§ TASK INSTRUCTIONS: The output should be the listing below, limited to the lines from the one with "تشییع پیکر ۵" through the one with "Толстовка женская LADY-FIT", exact and without pictures.

§ DATASET RECORDS:
•••••
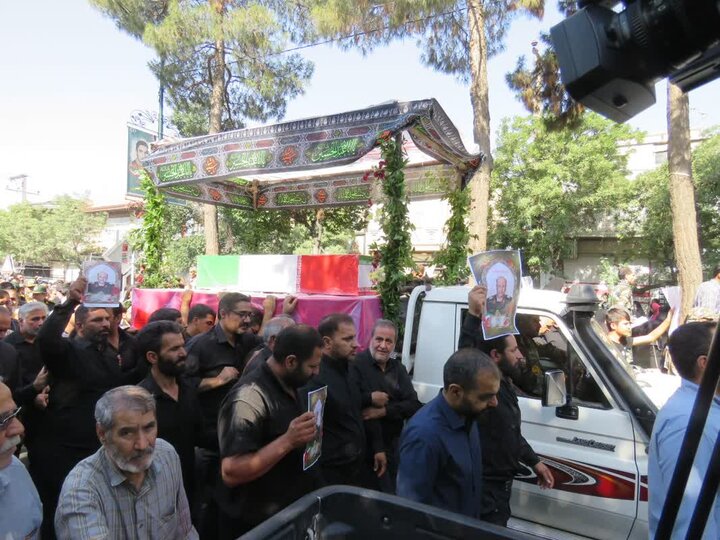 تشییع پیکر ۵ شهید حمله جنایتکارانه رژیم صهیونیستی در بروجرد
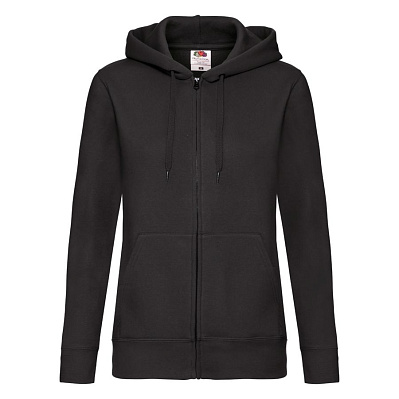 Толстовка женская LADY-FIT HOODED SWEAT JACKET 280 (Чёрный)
•••••
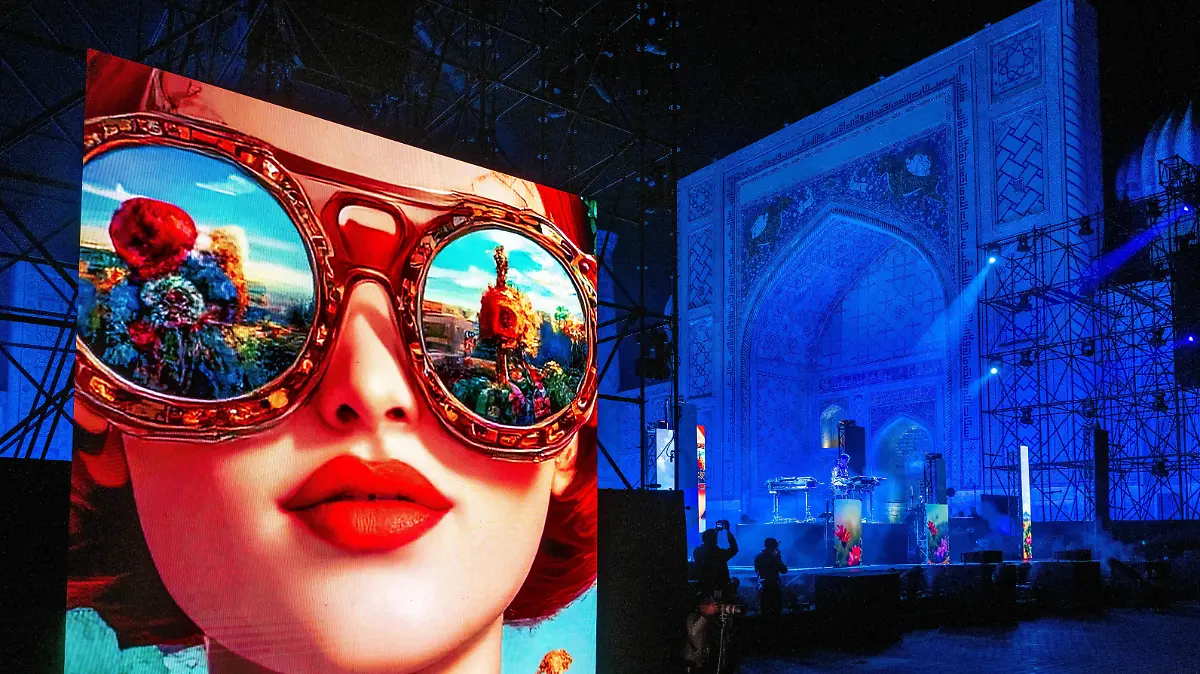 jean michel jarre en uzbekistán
•••••
§ TASK OUTPUT:
 تشییع پیکر ۵ شهید حمله جنایتکارانه رژیم صهیونیستی در بروجرد
 Толстовка женская LADY-FIT HOODED SWEAT JACKET 280 (Чёрный)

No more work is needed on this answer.